女子三段跳 学生記録保持者の陸上競技部 船田茜理さん(健康・スポーツ科学科4年)に聞きました。
2022/12/05
2022年8月7日に慶應義塾大学の日吉競技場で行われた、第17回トワイライト・ゲームス(主催:関東学連)で、日本歴代3位、学生新記録となる13m81(-0.2)※を記録した陸上競技部の船田茜理さん。急激に記録が伸びた背景や意気込みを聞きました。

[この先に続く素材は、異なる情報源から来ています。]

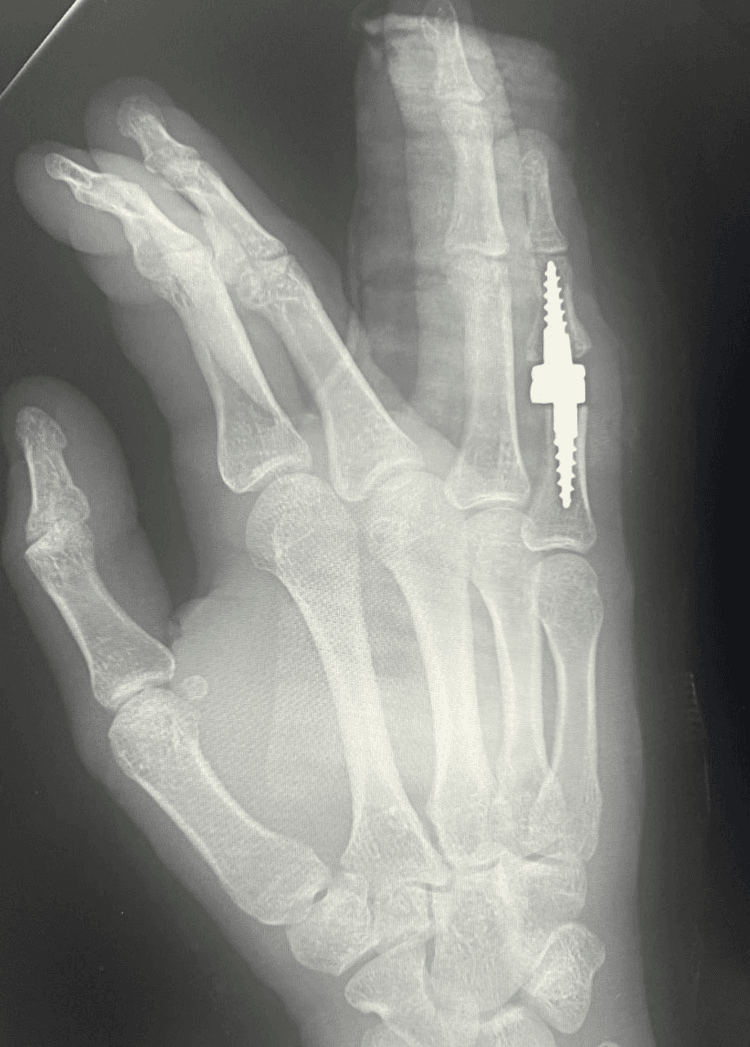 Postoperative hand radiograph with a stemmed implant at the small-finger PIP joint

陸上を始めたのは小学校から。6年生の時、走り幅跳びで4m13を記録。その時の同級生からの歓声がうれしくて、陸上を始めました。三段跳を始めたのは、高校生になってから。高校1年生のときは、怪我が続き、練習に身が入らない日々が続いていましたが、副顧問の先生との出会いが意識を変えました。「それまでは練習の意味を意識せず、指示されたことをこなすだけでしたが、副顧問の先生は、一人ひとりに練習メニューを組み、なぜこの練習をやるのか、意味や狙いまで説明してくれました」。すると、今まで辛かった練習が楽しく感じられるように。この経験から、「練習の意味や狙いを顧問の先生に確認するようになり、目的を持って練習に臨めるようになったと思います」。練習の質が上がったことで、記録も上昇。高校3年生でインターハイにも出場しました。「インターハイ後、大学でも陸上を続けたい思いが日に日に大きくなっていきました」と船田さん。実家から通えて、陸上ができる大学を探し、武庫川女子大学への進学を選択しました。
「大学入学時は、なかなか陸上競技部の活動に馴染めず、一人で練習を行うことが多い日々でした。2年生になるとコロナ禍となり、部活も停止。筋力やコンディションは維持したかったため、お母さんをおんぶして筋トレをしたり、おじいちゃんから自転車のチューブをもらって自作のトレーニング器具を作成したりと、コツコツとできることに取り組んでいました」。その甲斐あってか、2年生の終盤には全日本インカレで3位入賞。力が付いていることが実感できました。
3年生になり部活も再開してペースが戻ってくると、より質の高いトレーニングに取り組めるように。「自宅待機中の自主練ではフォームや身体の使い方など、手探りでしたが、部活再開後は、コーチの伊東太郎先生に相談ができ、記録も伸びていきました。部の仲間から、客観的なアドバイスやコミュニケーションがあることも楽しく、部活へ参加する頻度も上がっていきました」。
今年8月、トワイライト・ゲームスで学生新記録をマークしたときの心境を尋ねると「その日は、伊東先生の帯同がなく、一人で臨む初めての試合でした。方向音痴の自分は、慣れない東京の地下鉄を乗り継いでやっとの思いで、会場の慶應義塾大学の日吉キャンパスへ到着。実は、会場に着けたことに安心して、あまり気負わずに臨めたのが良い記録につながったのかもしれないですね」と笑顔で話しました。
コーチである伊東教授のことを尋ねると、「選手の感覚を信じてくれるコーチです。疲れが溜まり怪我の不安を伝えると、ちゃんと休むことを勧めてくれます。怒っているところを見たことがないです。話しやすくて、何でも相談できるのがありがたいですね。記録に縛られず、競技を楽しむことを大切にしてくれるところが、信頼できる理由の一つです」と師弟愛を感じられる話をしてくれました。
進路のことを尋ねると「今、三井正也教授のゼミで卒論に取り組んでいます。研究テーマは『なぜ自分の記録が1年間で63cmも伸びたのか』。感覚だけではなく、科学的にも分析していきたいです。陸上を続けていくため、大学院への進学を目指しています。自分は新しい環境へ適応するのに時間がかかるため、今の環境で2025年の世界選手権を目指して行きたいと思っています」と語りました。